Here's where AARP is helping me. Their Decide. Create. Share. program enables women to take seven simple steps to put personalized affairs in order. You can take a 40-Day Pledge for free that will walk you through home safety, long-term savings and other areas that we've gotten really good at pushing aside. One of my favorite parts of the pledge is a Valuable Documents list, a worksheet where you can list all your vital information, doctor contacts and where you are housing your own mountain of paperwork. It's a simply formatted list that I have filled out and placed in a red emergency folder where my family knows to retrieve it. I've also made copies for them to fill out. 

Even if you don't know or have all the information, this handy worksheet can serve as a guide for what you'd like to pull together over the next month, year or longer.

I've taken the 40-Day Pledge, and in a short while, I am already almost 3/4 of my way through it. Awesome, right? Sort of. I have some big phone calls to make, I have some deep breathing to do. But most importantly, I feel like I have a structure and a timeline for getting this business out of the clutter of my desk and mind and schedule and finally taking care of it.

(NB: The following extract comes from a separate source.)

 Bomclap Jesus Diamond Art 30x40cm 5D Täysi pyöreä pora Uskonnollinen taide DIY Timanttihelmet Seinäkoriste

I also am in great company. If we share what we are working on (that final, fabulous step in the initiative) online or in conversation, we will be supporting each other in managing the affairs that we've set aside. I feel like there is some big power and worry-soothing by checking this stuff of our lists, no matter whether we are single mamas, partnered parents, AARP members or far from holding on to that little card at Dunkin' Donuts.